Color/Print: a move towards deeper, warmer winter tones, such as chocolate brown, loden green, camel, burgundy and gold. Patterns included florals, paisleys and leaves.
The early week over-hyped snowstorm did result in some cancelled appointments. Vendors noted this delayed some of the major orders, but they were still pleased with the overall action.
“There has been a spark in hosiery with the success of the fishnet and people are looking to move the category forward with fashion,” said Barry Tartarkin, vice president and general manager at Pennaco, Danskin’s legwear division, which includes the licensed Givenchy and Ellen Tracy lines.
Tartarkin said Givenchy’s jewelled, rhinestone looks, and Givenchy’s and Ellen Tracy’s lace and fishnet tights have led fall bookings. “Fishnets will continue,” he noted. “Middle America is still not buying fishnets, but by fall, they will be ready.”
However, some vendors noted the style is in danger of being overexposed with retailers. They said that while they were still an important fall item, the interest in them is on the decline.
“[Fishnet] sales, as we speak, are softening,” said Pat McNellis, president of women’s brands at Royce Hosiery Mills, the maker of the Nine West and Dockers hosiery lines. “No one has abandoned them for fall, but we don’t know what percentage of the business they will be.”
For fall, McNellis said more feminine looks, such as lace, prevailed in the sheers area, and she noted overall increases in casual fashion legwear, with floral patterns and colors, such as loden and camel, driving sales. “The influence of brown in ready-to-wear at the higher end is starting to filter down,” she said.
In some cases, the fishnet has opened up opportunities for other mesh styles.
“The net lace was received very well, because it’s a continuation of the feel of fishnet with the open weave,” said Maria Basquil, sales manager for Wolford America. “The fishnets are still going strong, although every manufacturer is stocking shelves with them.
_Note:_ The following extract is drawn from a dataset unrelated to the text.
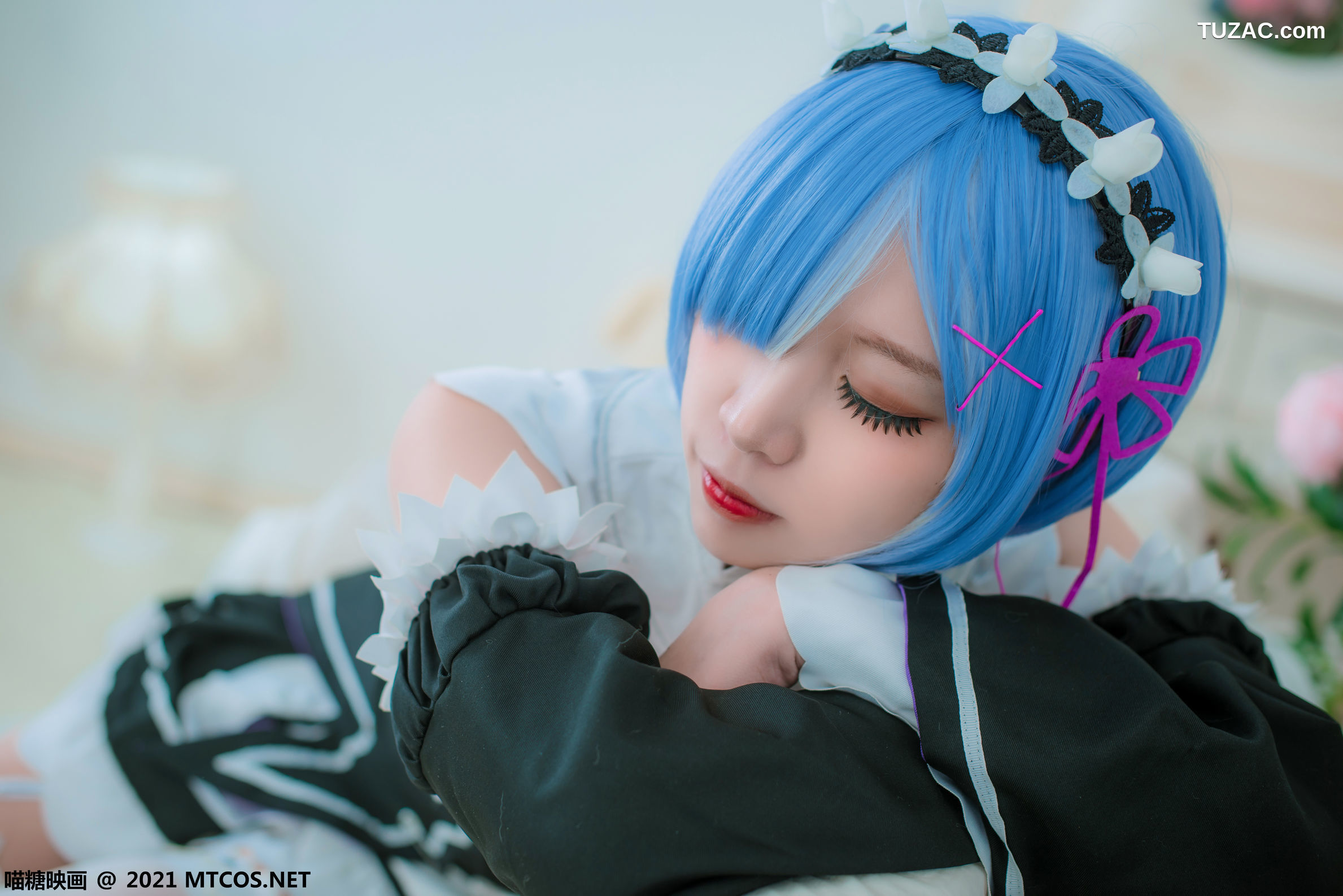 MTCos喵糖映画-Vol.377-《雷姆女仆》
Fishnets are almost becoming classics now.”
At Wolford, sales were driven by the assortment of textures and colors.
“The classic hosiery people want more fashion,” she said. “This fall, the trend business is becoming as important as the classics.”
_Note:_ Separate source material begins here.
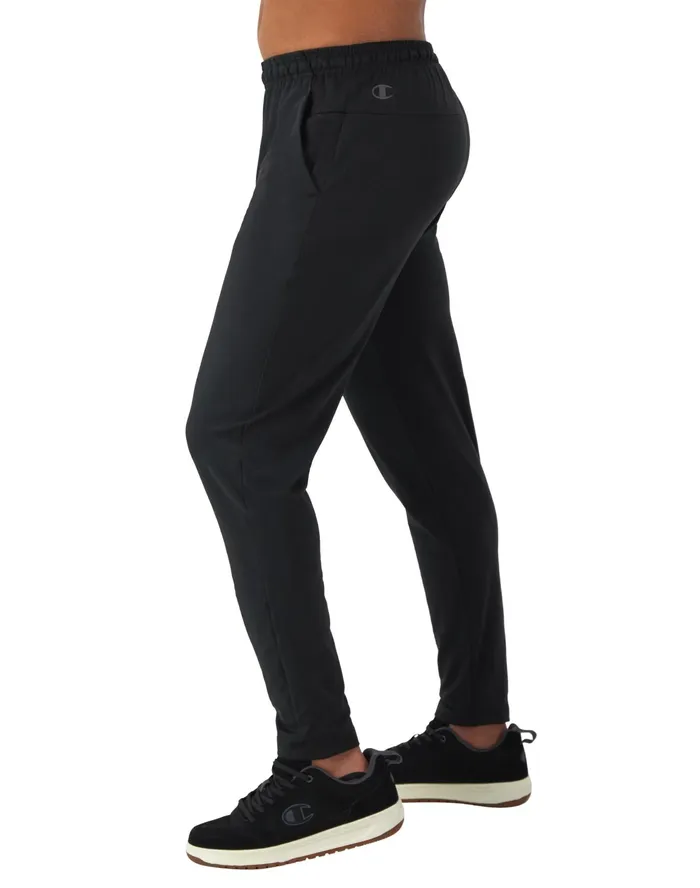 Weekender Athletic Pants Moisture Wicking Anti Odor 29034 Black Men Champion Pants and Joggers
During market, Wolford introduced a line of tights, including an unusual toe-and-heel-free style called Fuseau, and bodysuits designed in collaboration with Jean Paul Gaultier. Each features a woven Eiffel Tower motif. The tights, for example, showcase the Eiffel Tower as a decorative seam extending from the ankle to the mid-calf, its base embracing the heel. The Fuseau tights feature the Eiffel Tower running down the back of the leg, with the base embracing the cut-out heel.
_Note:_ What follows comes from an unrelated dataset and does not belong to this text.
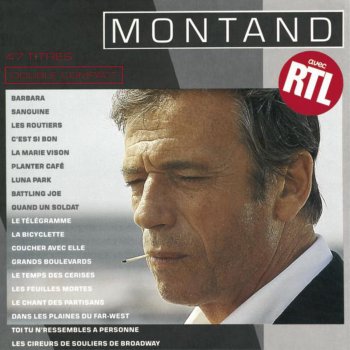 Yves Montand Il a fallu (Live récital au Théâtre de l'Étoile)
The line will be marketed as a collaboration, with Wolford and Jean Paul Gaultier on the packaging. Its suggested retail prices are $215 for the bodysuits, $100 for the Fuseau tights and $65 for regular tights, with the retail launch planned in Wolford boutiques and select specialty stores in April.
At Tommy Hilfiger, Russel J. Klein, president of women’s legwear, said, “The collection business is not happening, it is really about items. Retailers were looking for a greater depth of items, which also sell through better.”
Classic fashion looks such as houndstooth, chalk-stripe and argyle had been received well in Hilfiger’s signature red, navy and white, as well as maple leaf and currant, according to Klein. Also leading sales were opaque thigh highs, fishnets, and open-mesh tights in a variety of colors.
Lederman, at Leg Resource, said novelty looks peaked interest, and noted that much of the action was led by luxury fiber treatments, in particular pima cotton and cashmere, in basics and novelty items, such as men’s wear-inspired patterns using blends of precious fibers, such as cashmere, angora blends and pima cotton.
Lederman said one of the challenges with novelty items is that, unlike basic hosiery, novelty constantly needs to be updated to keep the departments exciting. This, he said, will put more pressure on vendors to deliver more frequently.
“Fashion is what keeps [women] shopping on the floor. It brings color and life to it, even if she ends up buying basics,” Royce’s McNellis said.